Dr van Zyl, a “giant of the local motor industry” according to Econometrix chief economist Azar Jammine, is one of two nonJapanese executives now tasked with heading a region, along with Toyota America’s Jim Lentz. It is a demonstration of the conservative Japanese company’s desire to embrace its global appeal and its targeting of Africa as a key emerging market.
“Toyota has been restructured into two main businesses,” Dr van Zyl told Business Day on Friday.
“There is Toyota Number One, which is the developed markets (the US, Europe and Japan), and Toyota Number Two, which are the developing markets. Under that I have been appointed CEO of the Africa region,” he said.
The management changes, Toyota hopes, will help the company see off a challenge from Volkswagen and General Motors in the US and China, the world’s largest car market, and Chinese vehicles advancing in Africa.
Dr van Zyl said he would report to Toyota executive vice-president Yasumori Ihara’s office.
No immediate changes at the company’s head office and regional sub-Saharan office, in Johannesburg, are foreseen. He confirmed he is to stay on as president and CEO of Toyota SA Motors.
Dr van Zyl said a continental operation showed Toyota’s “commitment to further growth in the African market” and its greater focus on developing markets.
“We need to make sure we have the structures in place to capitalise,” he said.
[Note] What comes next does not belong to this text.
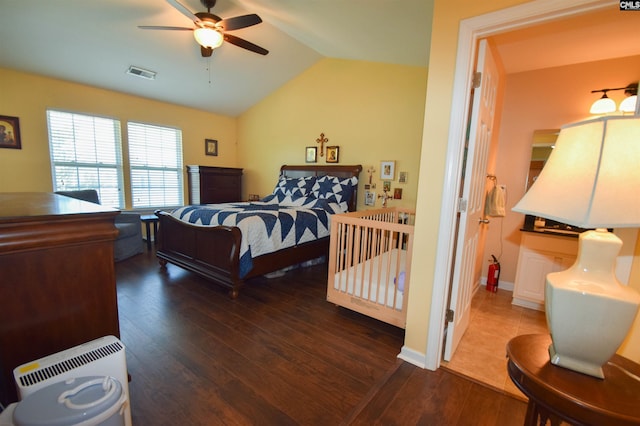 458 Laurel Mist Ln, West Columbia, SC 29170 - bedroom featuring hardwood / wood-style flooring, lofted ceiling, and ceiling fan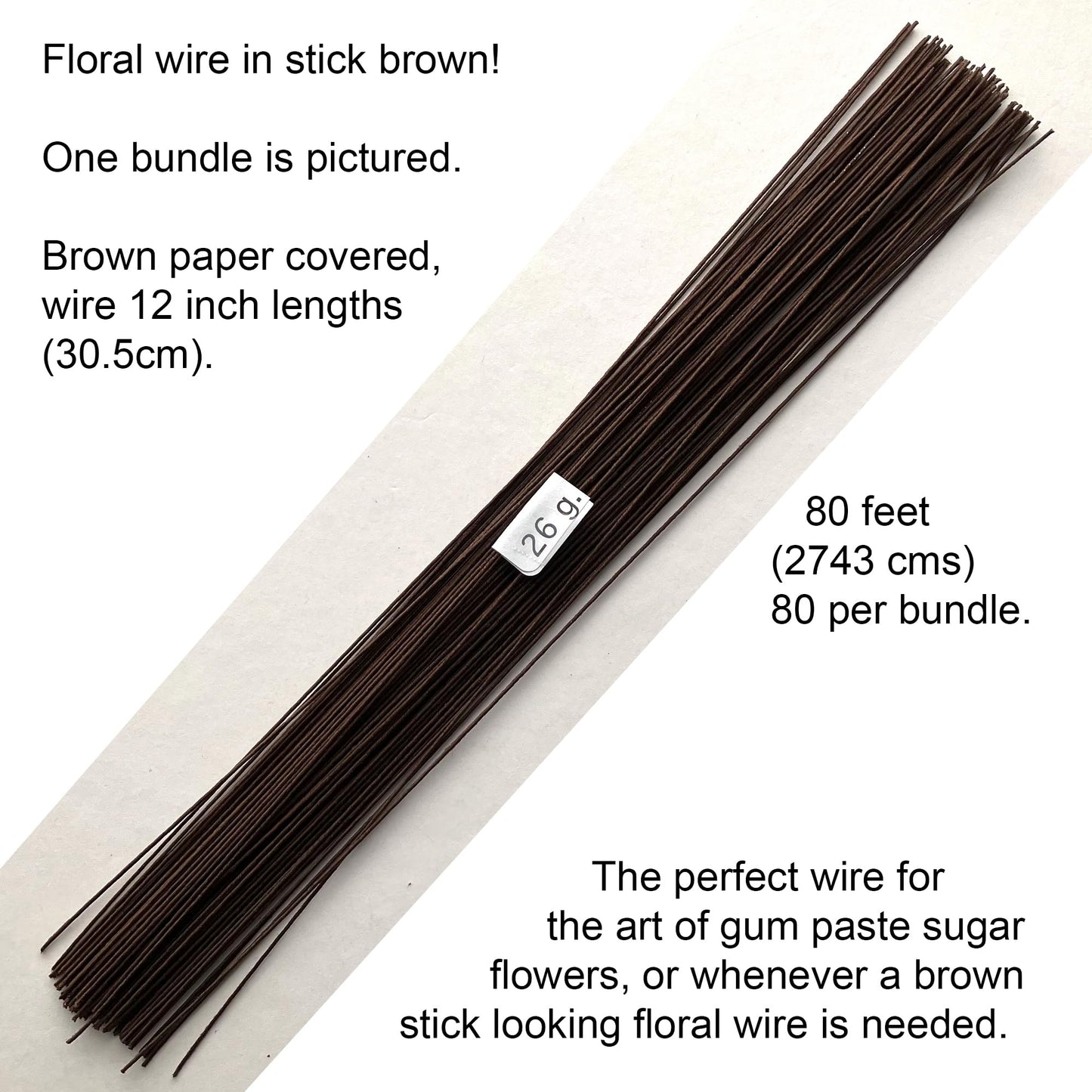 26 Gauge Brown Cotton Covered Floral Wire - 80 feet (80 Wires) per Bundle (24.4m) in 12 inch Length (30.5cm)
As part of his new role, Dr van Zyl will take control of product planning, production and sales on the continent.
Mr Jammine said last week Dr van Zyl had “built up a lot of experience” and it was “highly unlikely he would have been promoted to such a position without being exceptionally successful at the local operation”.
Toyota president Akio Toyoda has had to shift the culture of the company in the face of several crises, including product recall dramas since 2009 and last year’s earthquake and tsunami disaster.